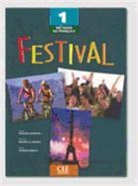 M. et al. Mahéo-Le Coadic, Poisson-Quinton, S. Poisson-Quinton - Festival - Niveau 1: Festival 1, méthode de français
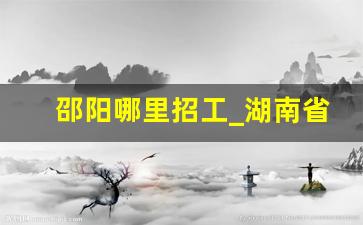 邵阳哪里招工_湖南省邵阳市工厂招聘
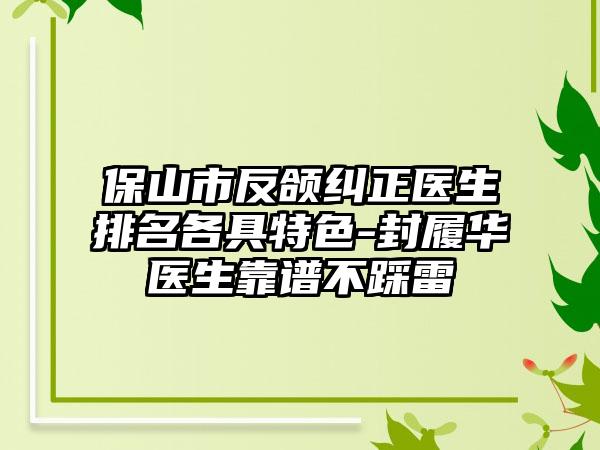 保山市反颌纠正医生排名各具特色-封履华医生靠谱不踩雷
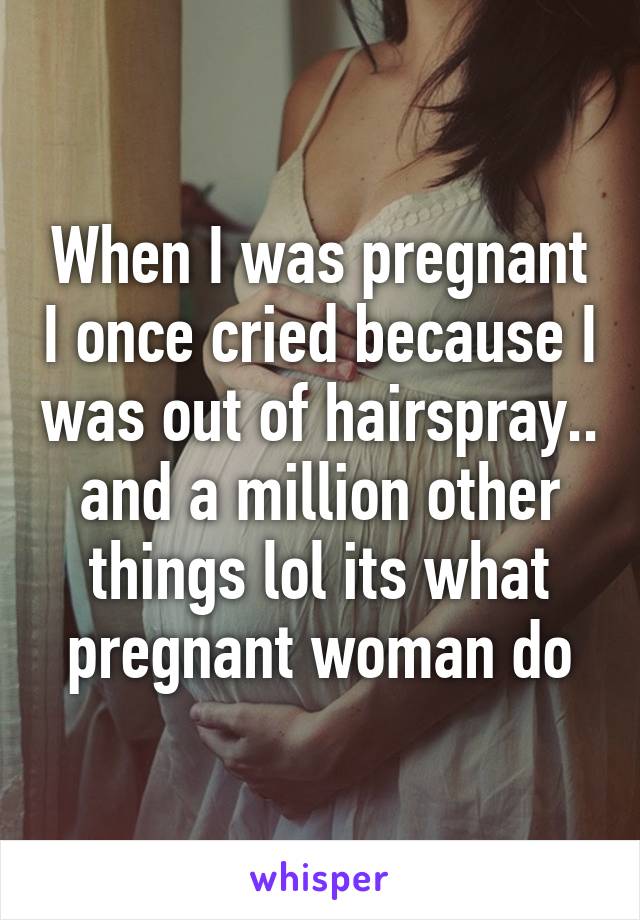 When I was pregnant I once cried because I was out of hairspray.. and a million other things lol its what pregnant woman do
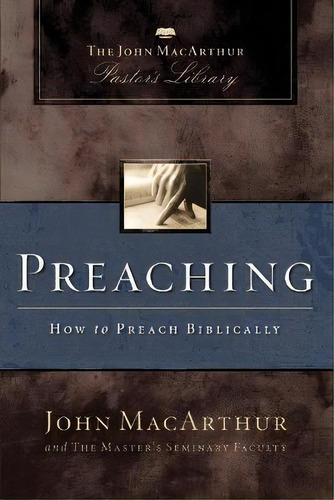 Preaching : How To Preach Biblically, De John F. Macarthur. Editorial Thomas Nelson Publishers, Tapa Blanda En Inglés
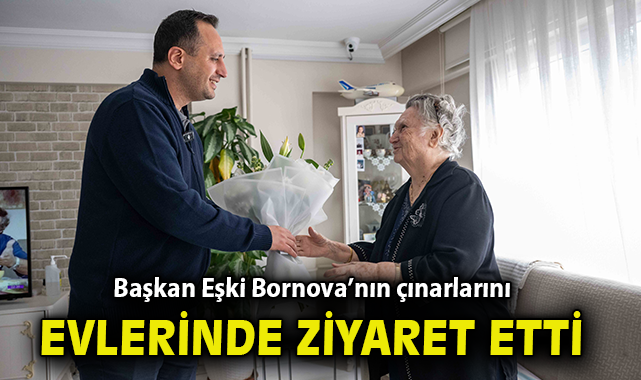 Başkan Eşki Bornova’nın çınarlarını evlerinde ziyaret etti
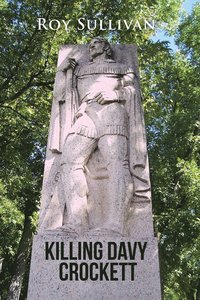 bokomslag Killing Davy Crockett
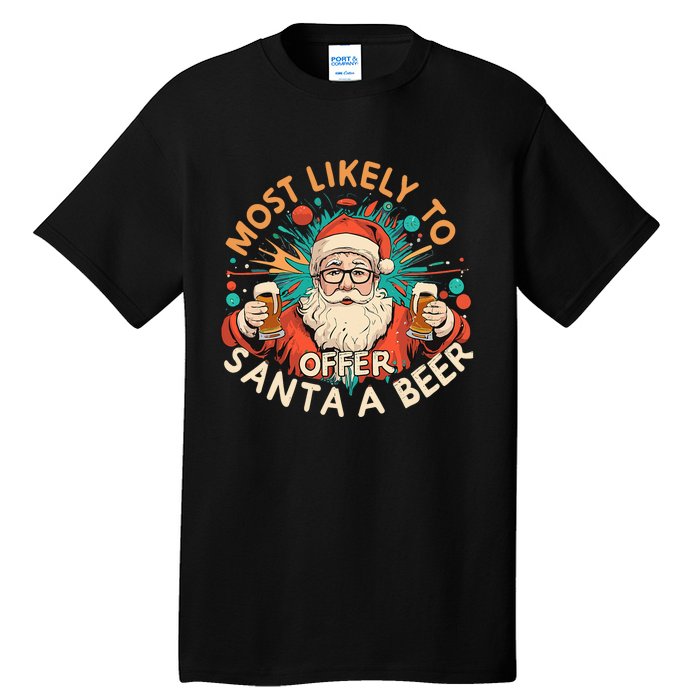 Christmas Most Likely To Offer Santa A Beer Xmas Ornaments Tall T-Shirt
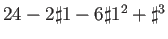 $ 24-2\sharp1-6\sharp1^2+\sharp^3$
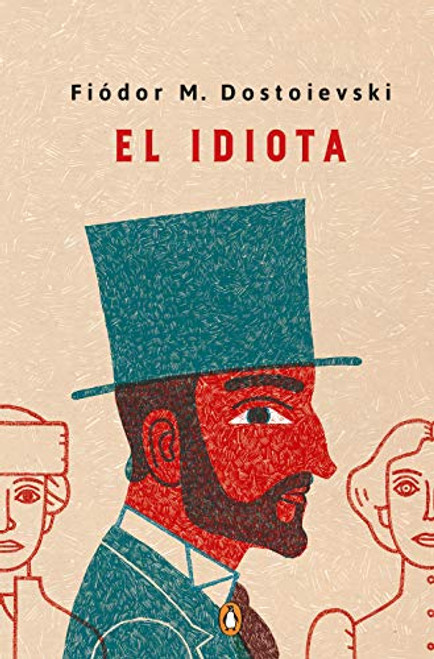 El idiota. Edicin conmemorativa / Idiot. Commemorative Edition (Spanish Edition)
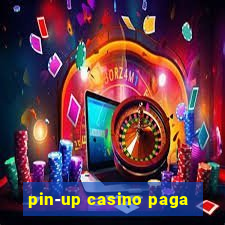 pin-up casino paga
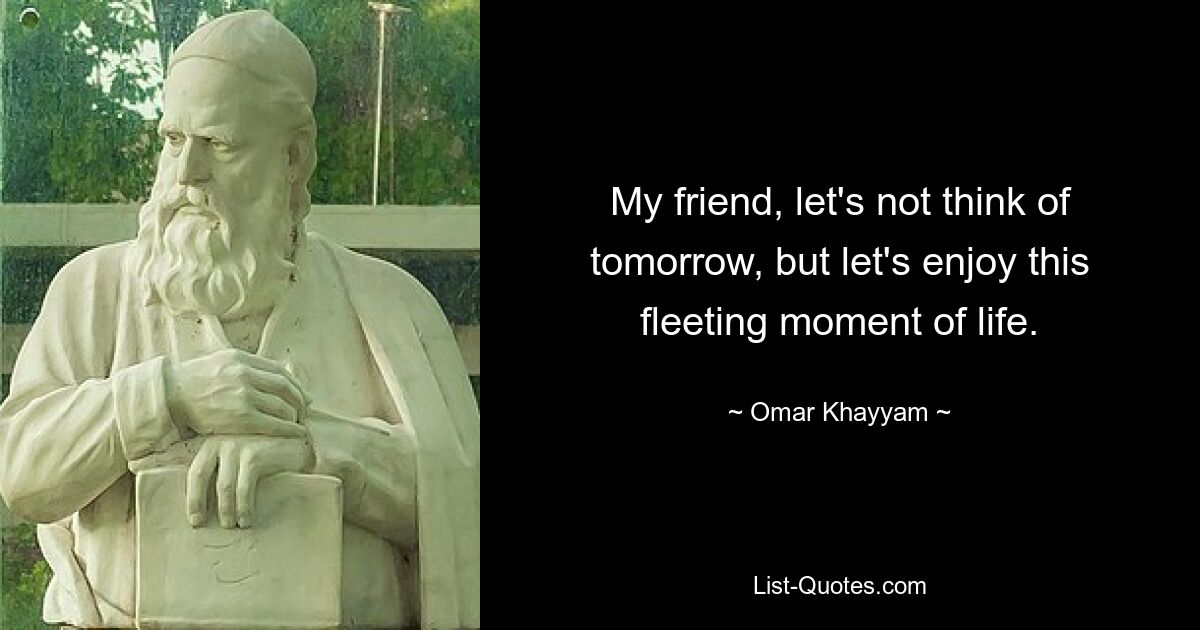 My friend, let's not think of tomorrow, but let's enjoy this fleeting moment of life. — © Omar Khayyam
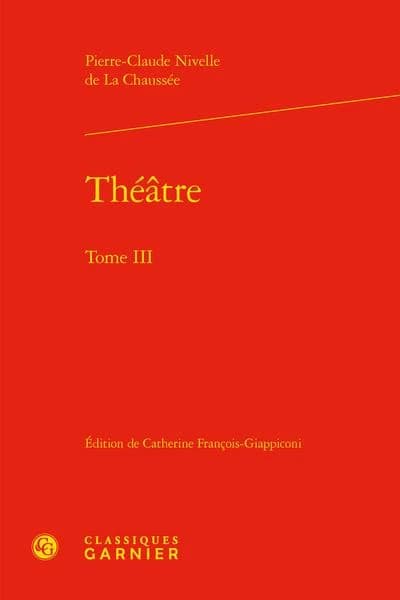 Théâtre. Tome III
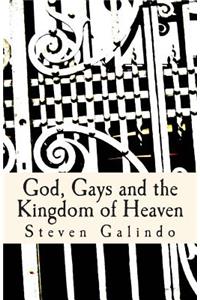 God, Gays and the Kingdom of Heaven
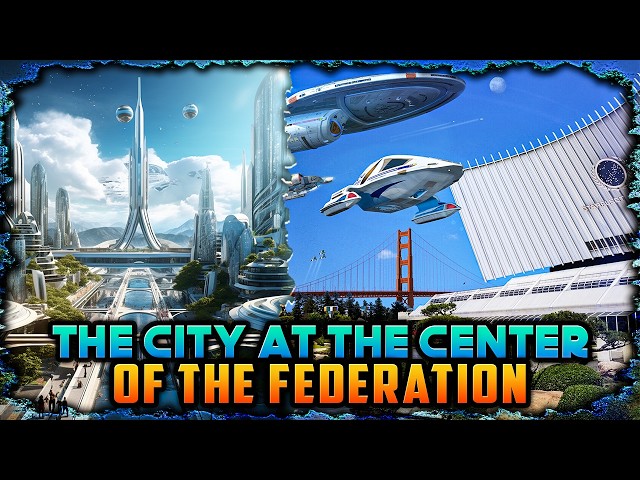 How San Francisco Survived the Apocalypse to Become the Center of the Federation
┄┄┄┄┄┄
§ WHAT THE TASK REQUIRES
In the listing above, the required lines run from the line with "Preaching : How" through the line with "God, Gays and the Kingdom of Heaven". Output exactly those lines, omitting pictures.

§ RESPONSE AREA
 Preaching : How To Preach Biblically, De John F. Macarthur. Editorial Thomas Nelson Publishers, Tapa Blanda En Inglés
 Başkan Eşki Bornova’nın çınarlarını evlerinde ziyaret etti
 bokomslag Killing Davy Crockett
 Christmas Most Likely To Offer Santa A Beer Xmas Ornaments Tall T-Shirt
 $ 24-2\sharp1-6\sharp1^2+\sharp^3$
 El idiota. Edicin conmemorativa / Idiot. Commemorative Edition (Spanish Edition)
 pin-up casino paga
 My friend, let's not think of tomorrow, but let's enjoy this fleeting moment of life. — © Omar Khayyam
 Théâtre. Tome III
 God, Gays and the Kingdom of Heaven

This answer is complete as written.